The U.S. Treasury Department is already using extraordinary measures to keep the government operational, but a divided Congress will need to come to an agreement to avoid defaulting on its debts before June. Debates are expected to be particularly tense on the issue given concessions Speaker Kevin McCarthy made to far-right members of his party to win the Speaker election.
If Congress doesn’t come to an agreement before the default date, expected in early June, economists have warned it could have drastic repercussions for Americans and across the globe. The Treasury would no longer have borrowing authority to pay for the country’s bills in full and on time, which has not happened before in the country’s history.
“Global financial markets and the economy would be upended, and even if resolved quickly, Americans would pay for this default for generations, as global investors would rightly believe that the federal government’s finances have been politicized and that a time may come when they would not be paid what they are owed when owed it,” said Moody’s Analytics Chief Economist Mark Zandi and Assistant Director Bernard Yaros in a September 2021 report that came out during the last round of debt limit brinkmanship.
U.S. Rep. Diana DeGette, a Democrat from Denver, said in a town hall with news reporters that right-wing Republicans don’t want to “exert fiscal responsibility.” She said the debt ceiling was something people on both sides of the aisle always agreed on until the Tea Party Republicans fought raising it in 2011, like she said the MAGA Republicans are doing now.

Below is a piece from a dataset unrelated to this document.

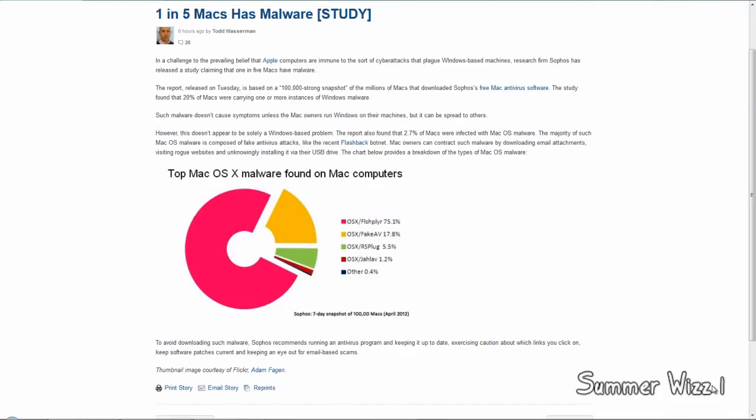The report also says that 2.7% of the Macs were infected with Mac OS malware - malware that can actually hurt Mac OS X. Some examples are Flashback, etc.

DeGette said she’s “disturbed” by the rhetoric she’s heard from the far right and how a default could “wreak havoc” on the country’s economy.
“If people didn’t like the inflation that we had the last year or two, they’re really not going to like it if our economy falls apart because the Republicans on the right didn’t do what’s responsible,” DeGette said. “So I am concerned about the tone that they’re taking and I’m also concerned about the concessions that they’re trying to wring out of this, because again in the past, raising the debt ceiling was never used as a hostage to try to get other economic concessions.”
A spokesperson for U.S. Rep. Joe Neguse, a Democrat from Lafayette, said the congressman believes preserving the full faith and credit of the U.S. is “critically important,” and therefore raising the debt ceiling as necessary should continue to be done on a bipartisan basis.
“The effort by some to engage in political gamesmanship with the debt ceiling is dangerous, and poses serious risk to our economy and countless Americans, including social security beneficiaries, veterans, and more,” Neguse spokesperson Hannah Rehm said in an email. “We must ensure the government does not default on its loans, and cannot allow politicians to jeopardize the livelihoods of working families for political purposes.”
Representatives for Colorado’s Republican U.S. Reps. Lauren Boebert, Ken Buck and Doug Lamborn did not respond to repeated requests for comment, but they have all publicly shared their views on the country’s debt before.
Boebert, who is from Silt, tweeted asking how high the country’s debt needs to climb for liberals to admit the financial situation is unsustainable. She also retweeted an interview in which Rep. Chip Roy, a Texas Republican, said Republicans don’t plan to default on the country’s debts.
Since being in Congress, Boebert has voted against raising the country’s debt limit multiple times.